Data section:
- - -

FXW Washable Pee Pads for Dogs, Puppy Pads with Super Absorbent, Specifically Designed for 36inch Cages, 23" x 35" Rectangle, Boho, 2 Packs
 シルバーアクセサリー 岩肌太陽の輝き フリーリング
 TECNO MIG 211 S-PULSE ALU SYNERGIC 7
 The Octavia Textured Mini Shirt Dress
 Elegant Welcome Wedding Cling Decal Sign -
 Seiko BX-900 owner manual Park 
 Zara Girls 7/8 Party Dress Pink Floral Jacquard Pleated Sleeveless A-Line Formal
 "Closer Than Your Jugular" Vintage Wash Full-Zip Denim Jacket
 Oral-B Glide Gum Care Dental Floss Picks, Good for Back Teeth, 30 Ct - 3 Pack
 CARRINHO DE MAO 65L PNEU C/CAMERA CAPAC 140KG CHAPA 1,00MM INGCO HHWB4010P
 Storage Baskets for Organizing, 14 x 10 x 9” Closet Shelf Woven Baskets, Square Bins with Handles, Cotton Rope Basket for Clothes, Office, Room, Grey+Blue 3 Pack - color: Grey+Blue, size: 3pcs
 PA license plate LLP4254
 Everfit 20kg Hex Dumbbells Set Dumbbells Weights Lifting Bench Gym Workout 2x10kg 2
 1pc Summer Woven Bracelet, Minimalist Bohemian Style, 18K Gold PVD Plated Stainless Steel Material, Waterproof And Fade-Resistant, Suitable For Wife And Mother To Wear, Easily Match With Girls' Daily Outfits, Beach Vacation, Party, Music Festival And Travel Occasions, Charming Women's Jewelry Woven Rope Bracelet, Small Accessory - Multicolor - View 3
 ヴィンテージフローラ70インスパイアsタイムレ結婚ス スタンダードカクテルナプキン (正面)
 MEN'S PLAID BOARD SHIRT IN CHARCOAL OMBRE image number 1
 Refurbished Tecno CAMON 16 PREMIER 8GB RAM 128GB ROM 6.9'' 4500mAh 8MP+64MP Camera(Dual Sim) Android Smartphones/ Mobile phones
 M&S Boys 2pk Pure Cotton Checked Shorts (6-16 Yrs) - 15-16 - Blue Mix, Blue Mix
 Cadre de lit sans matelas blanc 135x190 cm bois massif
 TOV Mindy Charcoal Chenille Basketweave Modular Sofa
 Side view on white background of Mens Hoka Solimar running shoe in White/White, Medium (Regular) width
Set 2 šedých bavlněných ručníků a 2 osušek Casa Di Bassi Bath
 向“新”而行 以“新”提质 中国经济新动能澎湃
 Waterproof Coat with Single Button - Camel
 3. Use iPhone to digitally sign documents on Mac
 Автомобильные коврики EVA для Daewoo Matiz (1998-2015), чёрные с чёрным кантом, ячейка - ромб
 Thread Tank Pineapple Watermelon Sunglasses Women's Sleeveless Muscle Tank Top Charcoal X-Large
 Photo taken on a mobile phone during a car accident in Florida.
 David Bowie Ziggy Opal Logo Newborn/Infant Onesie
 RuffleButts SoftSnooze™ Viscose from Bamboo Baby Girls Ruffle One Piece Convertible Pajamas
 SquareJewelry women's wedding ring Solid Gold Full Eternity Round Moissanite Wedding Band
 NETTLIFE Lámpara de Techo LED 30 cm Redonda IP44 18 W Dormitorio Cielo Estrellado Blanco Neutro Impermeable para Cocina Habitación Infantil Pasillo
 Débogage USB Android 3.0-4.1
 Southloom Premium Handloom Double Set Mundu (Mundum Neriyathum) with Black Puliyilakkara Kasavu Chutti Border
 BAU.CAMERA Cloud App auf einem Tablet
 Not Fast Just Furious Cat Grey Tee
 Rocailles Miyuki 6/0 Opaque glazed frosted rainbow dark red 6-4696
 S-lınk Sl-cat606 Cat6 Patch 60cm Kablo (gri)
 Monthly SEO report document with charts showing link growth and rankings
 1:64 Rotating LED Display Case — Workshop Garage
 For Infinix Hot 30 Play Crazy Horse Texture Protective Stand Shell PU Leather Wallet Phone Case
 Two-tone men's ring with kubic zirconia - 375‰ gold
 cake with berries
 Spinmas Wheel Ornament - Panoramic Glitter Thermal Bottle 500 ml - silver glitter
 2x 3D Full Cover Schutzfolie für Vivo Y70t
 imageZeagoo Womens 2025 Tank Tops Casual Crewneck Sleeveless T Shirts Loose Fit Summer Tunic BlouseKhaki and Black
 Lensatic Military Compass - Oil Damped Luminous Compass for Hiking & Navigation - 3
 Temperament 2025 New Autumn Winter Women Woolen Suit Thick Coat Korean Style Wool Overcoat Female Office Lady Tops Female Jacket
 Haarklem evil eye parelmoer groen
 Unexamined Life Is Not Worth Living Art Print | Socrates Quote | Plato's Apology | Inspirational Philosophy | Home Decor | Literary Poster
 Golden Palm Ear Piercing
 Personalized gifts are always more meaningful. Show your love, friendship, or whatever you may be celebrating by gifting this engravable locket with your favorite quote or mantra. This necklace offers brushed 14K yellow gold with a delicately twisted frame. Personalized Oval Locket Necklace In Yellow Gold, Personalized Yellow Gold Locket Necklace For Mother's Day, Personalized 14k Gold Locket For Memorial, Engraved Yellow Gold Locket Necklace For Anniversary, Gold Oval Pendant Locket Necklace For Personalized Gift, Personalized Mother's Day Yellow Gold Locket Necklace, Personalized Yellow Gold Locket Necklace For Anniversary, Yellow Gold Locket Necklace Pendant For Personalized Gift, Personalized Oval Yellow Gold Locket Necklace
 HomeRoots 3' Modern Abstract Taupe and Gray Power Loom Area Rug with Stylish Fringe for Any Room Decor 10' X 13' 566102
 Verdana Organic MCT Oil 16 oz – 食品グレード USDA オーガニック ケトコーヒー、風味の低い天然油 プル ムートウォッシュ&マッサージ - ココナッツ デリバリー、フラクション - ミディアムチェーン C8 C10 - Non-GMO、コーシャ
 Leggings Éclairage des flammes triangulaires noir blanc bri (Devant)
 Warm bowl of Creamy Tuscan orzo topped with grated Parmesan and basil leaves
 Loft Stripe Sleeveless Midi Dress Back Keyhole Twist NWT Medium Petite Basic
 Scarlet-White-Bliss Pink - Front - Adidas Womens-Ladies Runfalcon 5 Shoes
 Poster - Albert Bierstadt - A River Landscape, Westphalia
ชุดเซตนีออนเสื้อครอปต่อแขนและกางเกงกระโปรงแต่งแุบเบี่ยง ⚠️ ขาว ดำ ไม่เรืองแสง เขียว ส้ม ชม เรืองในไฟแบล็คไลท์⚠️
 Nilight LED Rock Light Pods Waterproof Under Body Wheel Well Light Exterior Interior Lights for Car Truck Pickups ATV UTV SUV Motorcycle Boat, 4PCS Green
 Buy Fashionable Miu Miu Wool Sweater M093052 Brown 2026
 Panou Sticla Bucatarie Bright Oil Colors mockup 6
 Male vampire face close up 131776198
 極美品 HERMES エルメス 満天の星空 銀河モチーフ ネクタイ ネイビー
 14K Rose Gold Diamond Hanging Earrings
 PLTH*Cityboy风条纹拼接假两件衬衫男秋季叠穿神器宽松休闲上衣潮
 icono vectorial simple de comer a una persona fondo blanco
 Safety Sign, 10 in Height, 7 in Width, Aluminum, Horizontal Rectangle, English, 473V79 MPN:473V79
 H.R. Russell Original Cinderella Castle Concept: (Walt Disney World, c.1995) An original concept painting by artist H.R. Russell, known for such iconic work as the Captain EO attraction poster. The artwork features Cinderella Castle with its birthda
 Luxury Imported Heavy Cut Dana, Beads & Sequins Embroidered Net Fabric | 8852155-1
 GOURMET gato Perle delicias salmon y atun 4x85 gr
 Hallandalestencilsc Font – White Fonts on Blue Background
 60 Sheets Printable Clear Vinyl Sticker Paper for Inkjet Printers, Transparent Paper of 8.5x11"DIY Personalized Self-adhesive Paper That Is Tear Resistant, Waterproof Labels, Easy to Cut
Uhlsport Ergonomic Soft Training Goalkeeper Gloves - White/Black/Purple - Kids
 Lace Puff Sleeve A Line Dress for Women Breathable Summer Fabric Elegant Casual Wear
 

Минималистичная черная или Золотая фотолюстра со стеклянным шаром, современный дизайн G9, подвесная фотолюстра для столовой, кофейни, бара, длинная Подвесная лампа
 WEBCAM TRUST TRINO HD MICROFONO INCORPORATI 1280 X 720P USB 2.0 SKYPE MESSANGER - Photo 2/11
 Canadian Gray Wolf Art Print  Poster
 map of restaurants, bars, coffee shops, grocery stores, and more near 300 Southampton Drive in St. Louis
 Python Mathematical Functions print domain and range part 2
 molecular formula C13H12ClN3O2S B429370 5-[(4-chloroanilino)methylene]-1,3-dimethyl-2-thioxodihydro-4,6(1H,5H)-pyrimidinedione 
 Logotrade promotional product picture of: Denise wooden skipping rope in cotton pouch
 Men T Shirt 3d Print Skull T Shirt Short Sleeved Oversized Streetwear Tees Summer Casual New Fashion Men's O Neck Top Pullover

- - -

Aim of the task:
Starting at the first line of the data above, retype each line exactly until you reach the line containing "Seiko BX-900 owner manual Park", and include that line too.

Your solution:
FXW Washable Pee Pads for Dogs, Puppy Pads with Super Absorbent, Specifically Designed for 36inch Cages, 23" x 35" Rectangle, Boho, 2 Packs
 シルバーアクセサリー 岩肌太陽の輝き フリーリング
 TECNO MIG 211 S-PULSE ALU SYNERGIC 7
 The Octavia Textured Mini Shirt Dress
 Elegant Welcome Wedding Cling Decal Sign -
 Seiko BX-900 owner manual Park 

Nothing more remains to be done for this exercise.